I mentioned that my friend LB, who coördinated the renovation and staging of my house for the sale, had started a couple of businesses -- in fact each time I see her she seems to have branched out into something new. When we first met she was beginning the home staging but by the time we reconnected in the spring and I hired her to stage the house, she had launched her "personal branding" business. I am possibly more of a candidate for a "life coach" than a brand consultant, but close enough, and her track record was unassailable, so once the dust had settled from the sale, both in my house and in my head, and I felt like I was ready for the next step, I asked her what she thought she could do for me. She arranged for me to meet her last Thursday for a drink after work at a fancy, members-only club in a trendy part of town near her apartment.
I arrived early, in my new suit, chosen by P. and test-driven a few weeks previously at the national policy convention, and found myself nervously and self-consciously nursing a pint and waiting for her on the sunny rooftop patio, feeling for all the world like the ultimate outsider among a tightly-knit clique.

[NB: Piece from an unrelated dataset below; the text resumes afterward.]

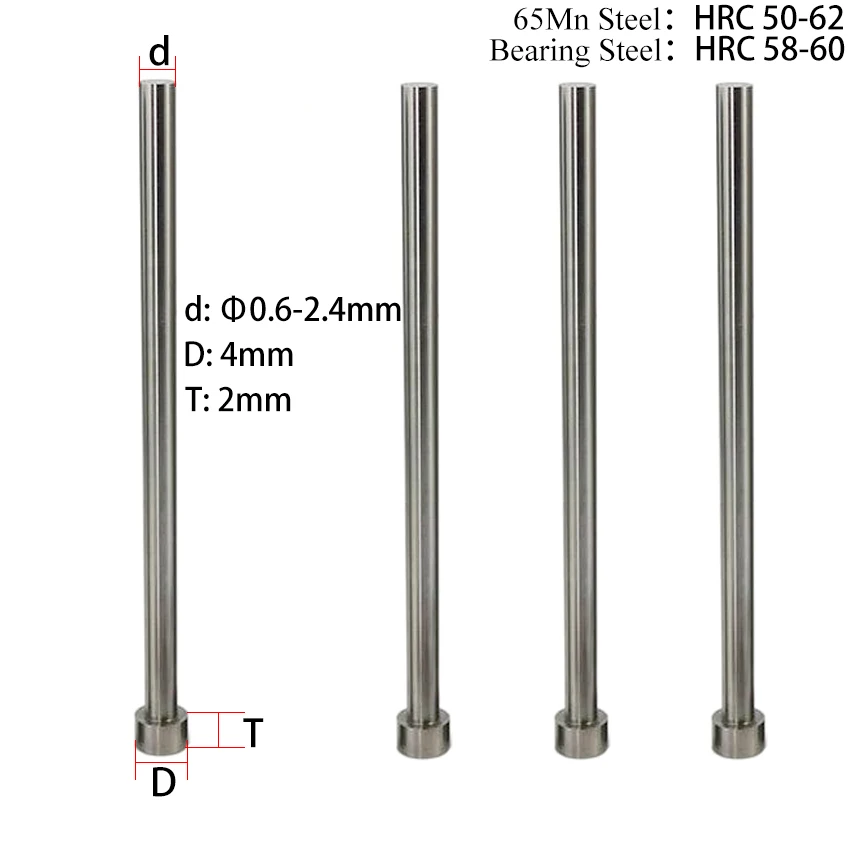 

1.6/1.7/1.8/1.9*80/100/125/150/180/200mm 65Mn Round Tip Plastic Injection Component Mold Straight Punching Ejector Pin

But before I could twist such superficial alienation into full-blown loners, LB arrived and I was back at ease, safe in the warm envelope of our the profound connection I find I share with her.

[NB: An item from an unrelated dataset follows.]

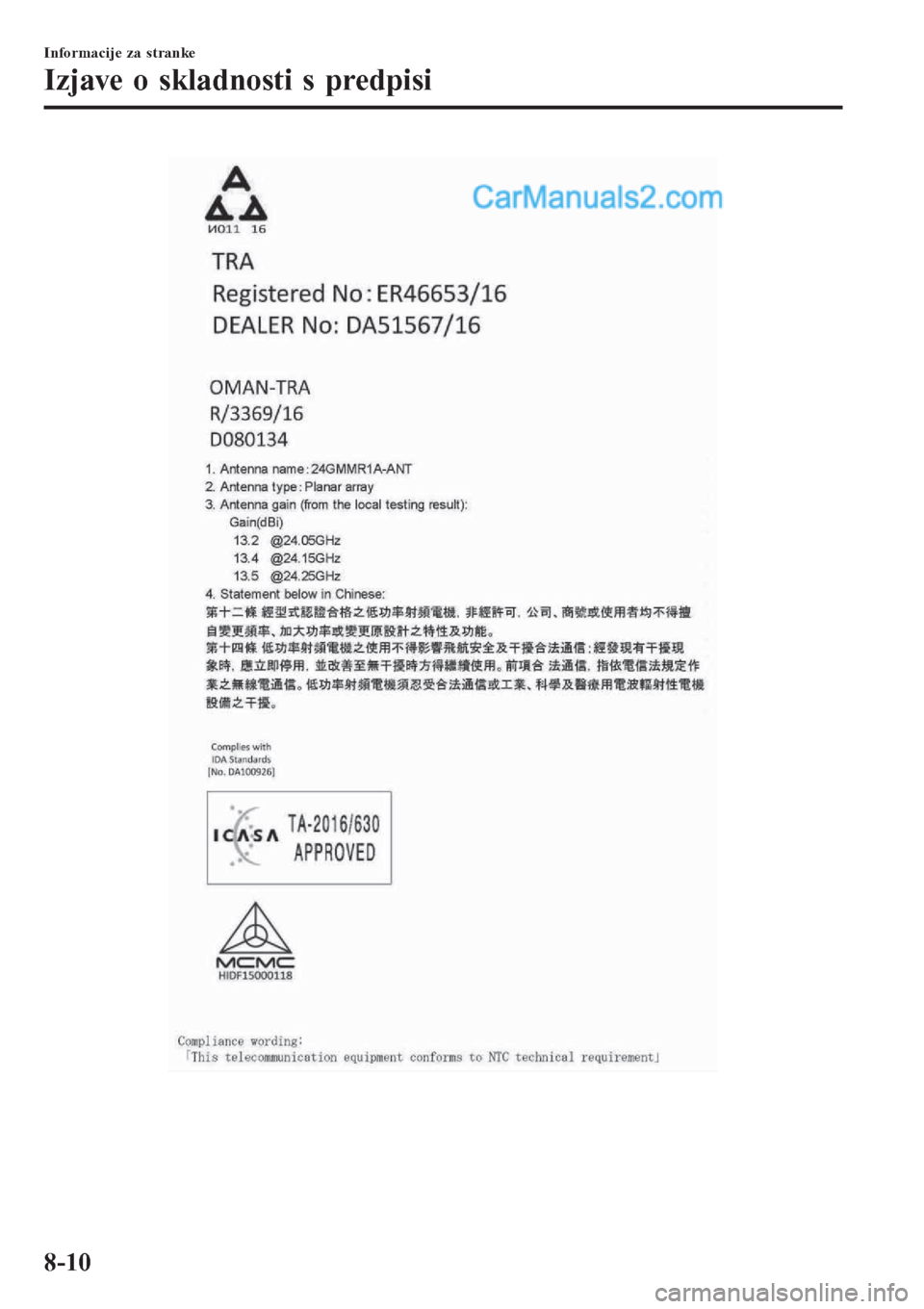 MAZDA MODEL CX-5 2017  Priročnik za lastnika (in Slovenian) Informacije za stranke
Izjave o skladnosti s predpisi
8-10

And with that simple blueprint unfolded a delicious and unforgettable evening, all within the tiny radius of a few hundred square metres, as we carved a path from roof, to patio, to bar, and briefly to her apartment, riding the intoxicating highs of her unarrestable and almost unlimited ambition for herself, and her genuine, infectious enthusiasm for me and my incredible potential. She laid bare for me the absurdity of my insecurity considering my advantages and my talents, and made such a simple, indisputable case for recognising that my only obstacle is myself. At one point she led me on a Dickensian tour of the ghosts of my past, present, and future, whereupon she walked me around the bar and contrasted me with the local barflies, whose refinement compared extremely unfavourably with mine, but whose confidence and thus track record nonetheless dwarfed mine. I was close, she took me right to the edge of the water and I could see the entire picture, but I was still frozen on the shore, on the sidelines.